╭─ DATASET

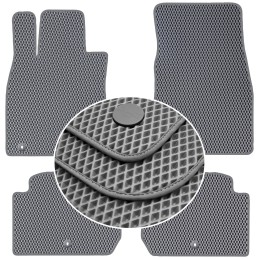 „Kia Stinger“ 2016 m. – EVA MAX kilimėliai – MAT 10333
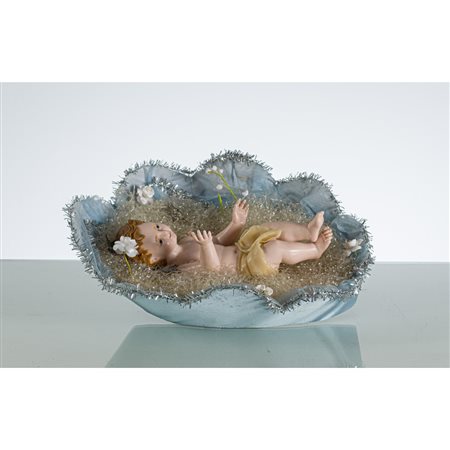 MANIFATTURA SICILIANA DEL XIX SECOLO, Scultura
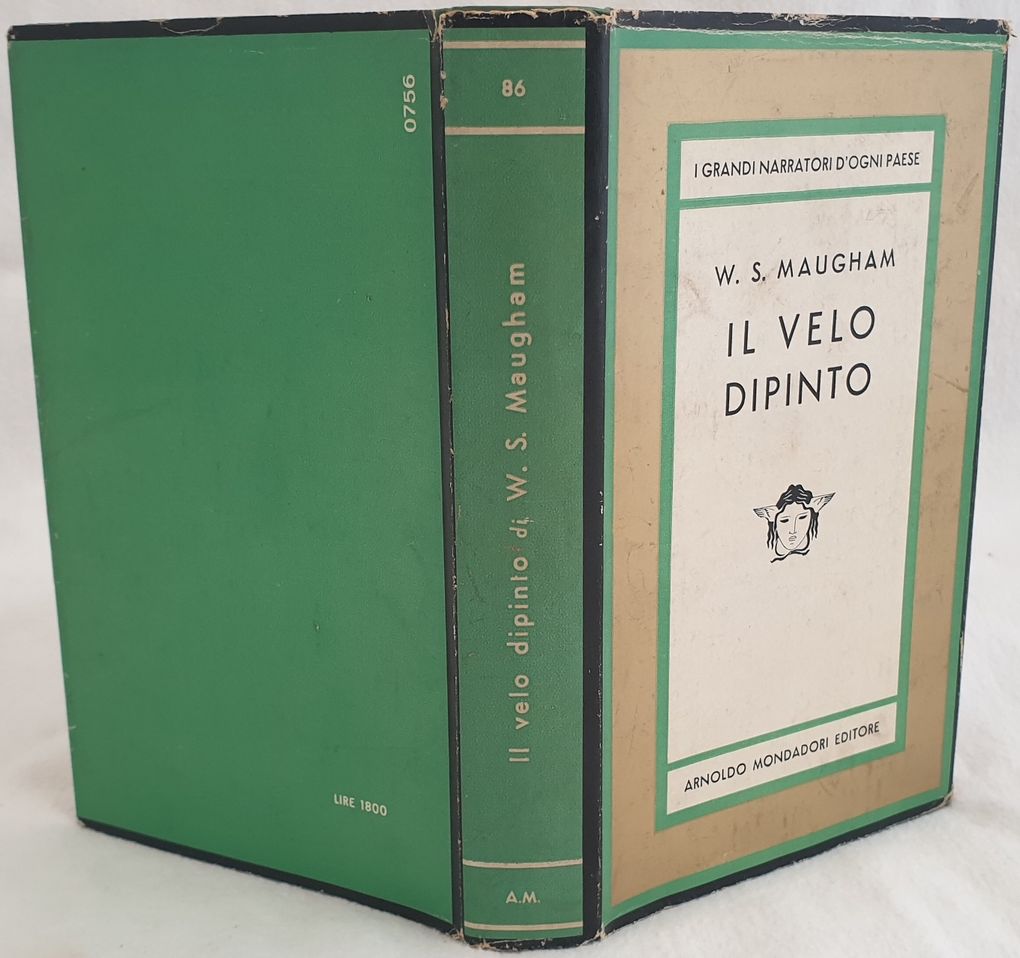 IL VELO DIPINTO TRADUZIONE DI ELIO VITTORINI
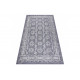 AKCIA: 140x190 cm Kusový koberec Sion Sisal Ornament 2832 blue/pink/ecru – na von aj na doma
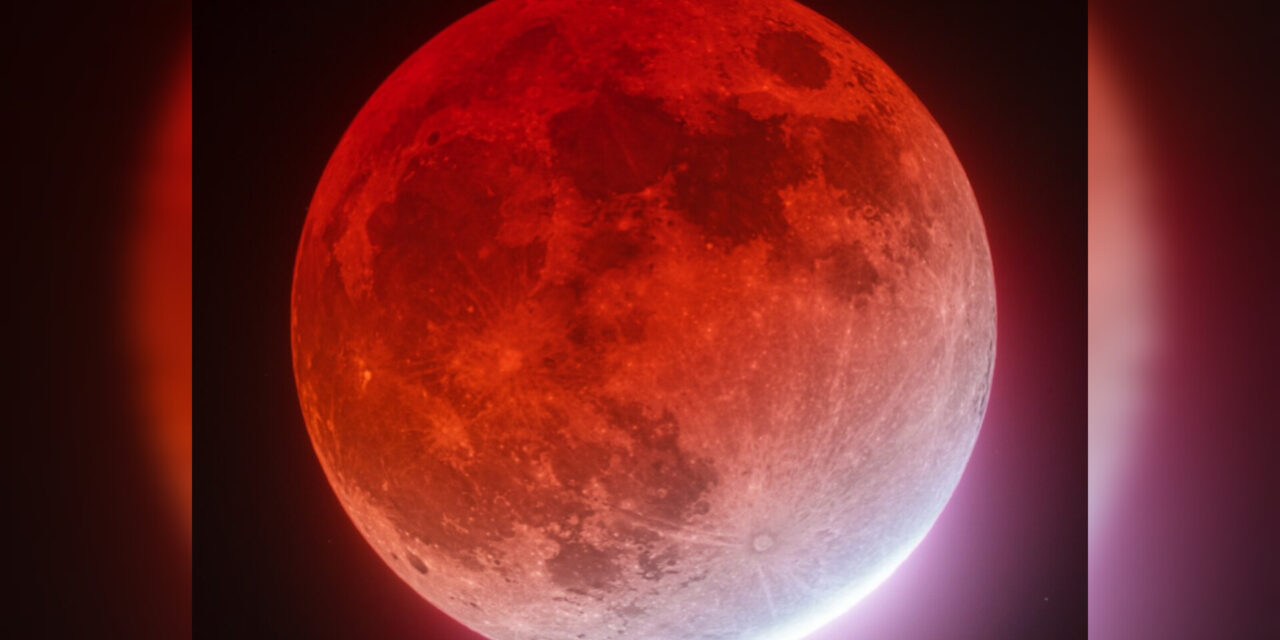 Prepárate: la Luna nos regalará otro eclipse total el próximo mes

╰─

» TASK DETAILS:
Once the line containing "AKCIA: 140x190 cm" has been located, transcribe exactly and only every line from the first line of the entries through it, excluding pictures.

» RESPONSE TO THE EXERCISE:
 „Kia Stinger“ 2016 m. – EVA MAX kilimėliai – MAT 10333
 MANIFATTURA SICILIANA DEL XIX SECOLO, Scultura
 IL VELO DIPINTO TRADUZIONE DI ELIO VITTORINI
 AKCIA: 140x190 cm Kusový koberec Sion Sisal Ornament 2832 blue/pink/ecru – na von aj na doma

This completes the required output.